Regular Expressions

Zoofield · June 10, 2011, 7:17pm

I could not get, "DetlevD - Splitting an Upper Camel Case string" to work, although I like the idea!

These together:

RE:Adds a space between Capital and lowercase letter or digit behind it.
Field:_Tag
re:([^A-Z\W\_])([A-Z])(?=[^A-Z])
($1) ($2)

RE:Adds a space between Digit and lower case letter behind it
Field:_Tag
re:([^\W\d\_])(\d)
($1) ($2)

Will...

Example.
From:
"ThisIsThe2ndSongFromD.D.'sFirstAlbum30YearsAgo."
To:
"This Is The 2nd Song From D.D.'s First Album 30 Years Ago."

This is the two above combined:

RE:Adds a space between, Capital and lowercase letter or digit behind it, Digit and lower case letter behind it.
Field:_Tag
re:([^A-Z\W\_])([A-Z])(?=[^A-Z])|([^\W\d\_])(\d)
$1$3 $2$4

Does the same except in the case of...

CapitalWord9CapitalWord2ndSong30Years

Example.
First pass will: Capital Word9 Capital Word 2nd Song 30 Years
Second pass will: Capital Word 9 Capital Word 2nd Song 30 Years
Third pass will: Reveal A Latent O.C. Disorder

Because the single digit '9' in the example can only be captured once per pass per replacement.

I would use the first set for completeness and through the "Action Groups".
I would use the Second for brevity and through "Actions (Quick)"

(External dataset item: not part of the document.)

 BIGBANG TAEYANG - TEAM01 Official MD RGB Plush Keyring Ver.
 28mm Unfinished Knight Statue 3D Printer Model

tobi06 · June 18, 2011, 8:01am

To remove any website in the filename

example: artist - title[www.whateverwebsite.com].mp3

           artist - title.mp3

regular expression: [.{3}.\w*..{3}]

gingernob · June 19, 2011, 3:06pm

OK, i know im being dumb, just this reg ex stuff is over my head..u might just as well speak japanese to me.
All the examples i find talk of removing ## - [track title] to [track title]
i just want ## [track title] to [track title]...no dash.
appreciate a 'simple' answer for simpleton.

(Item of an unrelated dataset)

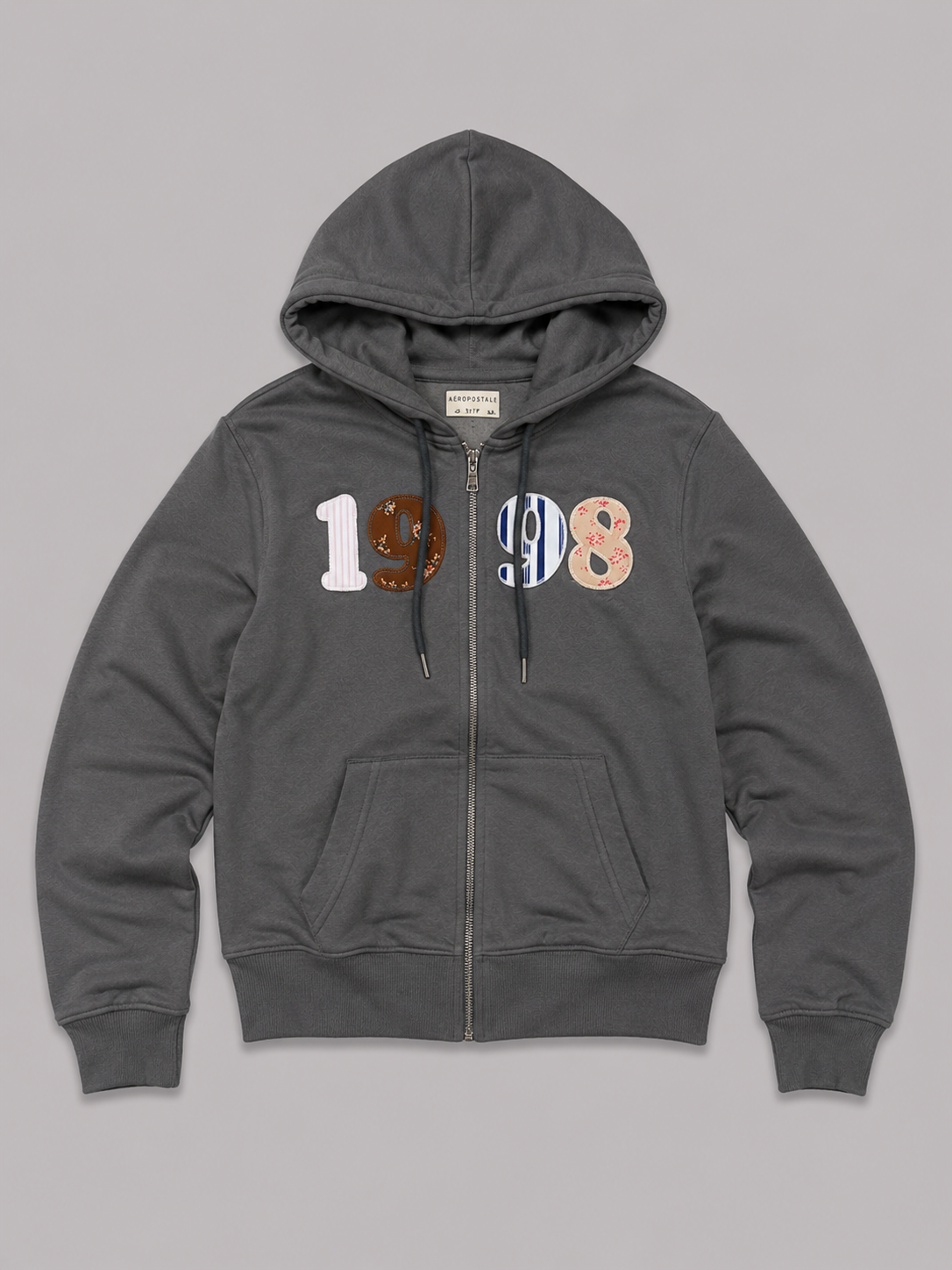 Buzo Para Mujer Aero Girls Fleece Fashion Smoked Pearl 3956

dano · June 19, 2011, 5:14pm

I've added an example without dash to that post.

gingernob · June 19, 2011, 10:39pm

Thank u so much...

DetlevD · August 1, 2011, 2:03am

Convert from RFC822/1123 Date string to ISO-8601 Date string.

Examples:
RFC822/RFC 1123 ==> ISO-8601
1 Feb 2009 ==> 2009-02-01
30 Sep 2010 ==> 2010-09-30

$replace($regexp($right('0'%YEAR%,11), '(\d{1,2}) (Jan|Feb|Mar|Apr|May|Jun|Jul|Aug|Sep|Oct|Nov|Dec) (\d{2,4})','$3-$2-$1'), 'Jan','01','Feb','02','Mar','03','Apr','04','May','05','Jun','06', 'Jul','07','Aug','08','Sep','09','Oct','10','Nov','11','Dec','12')

See also:
http://www.w3.org/Protocols/rfc822/
http://www.freesoft.org/CIE/RFC/1123/99.htm

DD.20110801.0623.CEST

Example:
1 Feb 2009 HH:MM ==> 2009-02-01 HH:MM

$replace($regexp($right('0'$cutRight(%YEAR%,6),11), '(\d{1,2}) (Jan|Feb|Mar|Apr|May|Jun|Jul|Aug|Sep|Oct|Nov|Dec) (\d{2,4})','$3-$2-$1'), 'Jan','01','Feb','02','Mar','03','Apr','04','May','05','Jun','06', 'Jul','07','Aug','08','Sep','09','Oct','10','Nov','11','Dec','12')$right(%YEAR%,6)

DD.20140310.2236.CET

DetlevD · August 24, 2011, 12:55pm

How to copy a list of artists and their roles ...
... from tag-field COMMENT
... to tag-field INVOLVEDPEOPLE

Example 1
From: COMMENT
Person1:Role1
Person2:Role2
Person3:Role3
To: INVOLVEDPEOPLE
Role1:Person1;Role2:Person2;Role3:Person3;

Action: Format value
Field: INVOLVEDPEOPLE
Formatstring:

$regexp(%COMMENT%$char(13),'(.+?):(.+?)[\r\n]+','$2:$1;')

Example 2
From: COMMENT
Person1:Role1
Person2: Role2a,Role2b
Person3 : Role3a, Role3b
Person4: Role4a & Role4b, Role4c
To: INVOLVEDPEOPLE
Role1:Person1;Role2a,Role2b:Person2;Role3a,Role3b:Person3;Role4a & Role4b,Role4c:Person4;

Action: Format value
Field: INVOLVEDPEOPLE
Formatstring:

$regexp($regexp(%COMMENT%$char(13),'(.+?)\s*:\s*(.+?)[\r\n]+','$2:$1;'),'\s*,\s*',',')

DD.20110824.1757.CEST

pone · August 24, 2011, 1:29pm

What is $char(13) ? And why is it needed here?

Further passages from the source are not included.